Here is Lefty.  I call her that because she has an injured left front paw.  She keeps it curled under and can't walk on it.  But, she does eat with it and it doesn't seem to slow her down for climbing and jumping.  I spoil her a bit.







Don


----------



## treeguy64 (Apr 17, 2019)

You're a good man, GD.


----------



## RadishRose (Apr 17, 2019)

Grampa Don said:


> Here is Lefty.  I call her that because she has an injured left front paw.  She keeps it curled under and can't walk on it.  But, she does eat with it and it doesn't seem to slow her down for climbing and jumping.  I spoil her a bit.
> 
> 
> 
> ...



Lefty is cute. Poor thing with his injury I'm so glad he found you!


----------



## Ruth n Jersey (Apr 17, 2019)

Lefty looks well nourished and healthy.
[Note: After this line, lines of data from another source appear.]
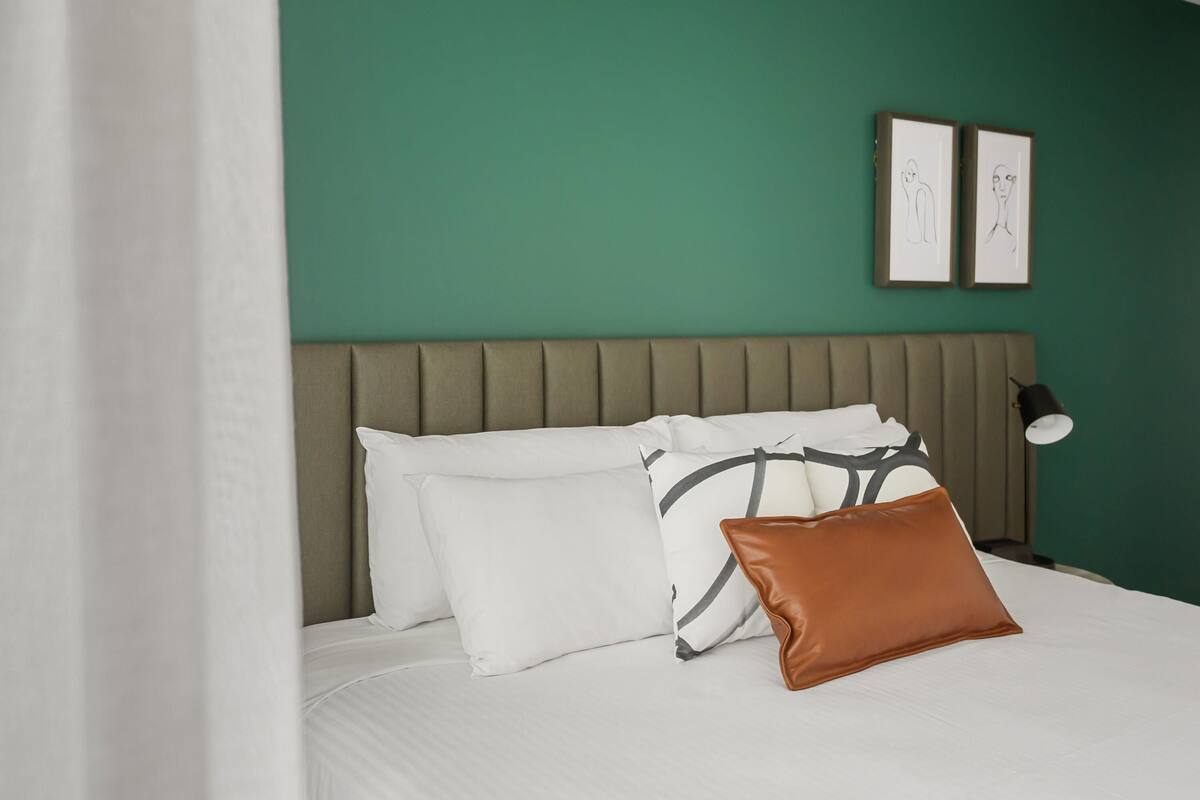 A bed with white bedding, a brown pillow, and a headboard against a green wall.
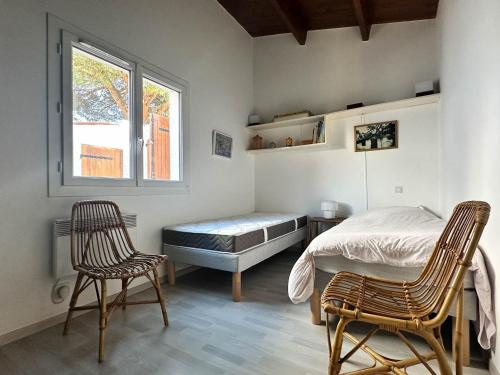 une chambre avec un lit et deux chaises et une fenêtre dans l'établissement Villa 3 chambres à La Palmyre avec terrasse, parking et WiFi - FR-1-705-98, aux Mathes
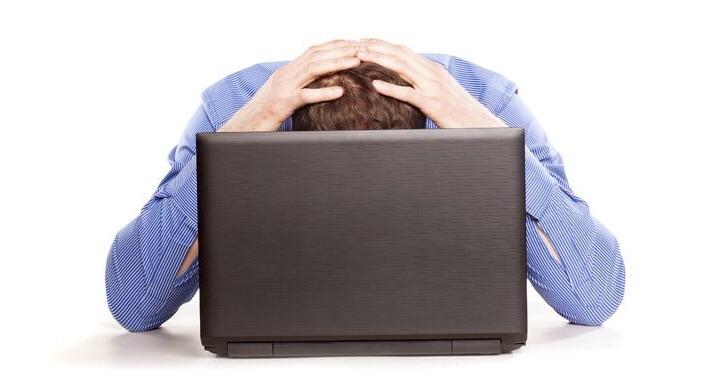 Frustrated man on computer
I'm glad he has you for a friend.


----------



## Keesha (Apr 17, 2019)

Really sweet.


----------



## SeaBreeze (Apr 17, 2019)

Cute, so nice that you're kind to creatures. :love_heart:


----------



## applecruncher (Apr 17, 2019)

Cute.


----------



## Seeker (Apr 17, 2019)

So.... sweet...

I bet she loves those peanuts....


----------



## RadishRose (Apr 17, 2019)




----------



## Grampa Don (Apr 17, 2019)

Thanks for the comments.  The other squirrels can steal sunflower seeds from the bird feeders.  But, Lefty can't manage it.  So, I give her a little dish.  They love sunflower seeds.

Don


----------



## Falcon (Apr 17, 2019)

Thank you  Grampa Don for taking care  of her.  Animal lovers are an honorable  breed.

We have one that visits our yard almost  every day.    She can gently  take   a  peanut  from  my hand.


----------



## Grampa Don (Apr 17, 2019)

I've never been able to hand a peanut to Lefty, but she lets me come pretty close.  Maybe in time.  We feed the squirrels because they're fun to watch.  I'm sure some of the neighbors don't appreciate the peanut plants coming up in their yards and planters.  But, we think they're worth it.  We also keep bird seed out and sugar water for the humming birds.  Today we had a woodpecker visit long enough to tap out a message on our telephone pole.

Don


----------



## Grampa Don (Nov 2, 2019)

Just an update on Lefty.  She's still around.  I saw her this morning.  She comes right up to me.  Sometimes she disappears for weeks and I figure she's gone for good, but now and then she shows up for her handout.


----------



## Olivia (Nov 2, 2019)

I love that. Thank you for caring about Lefty.


----------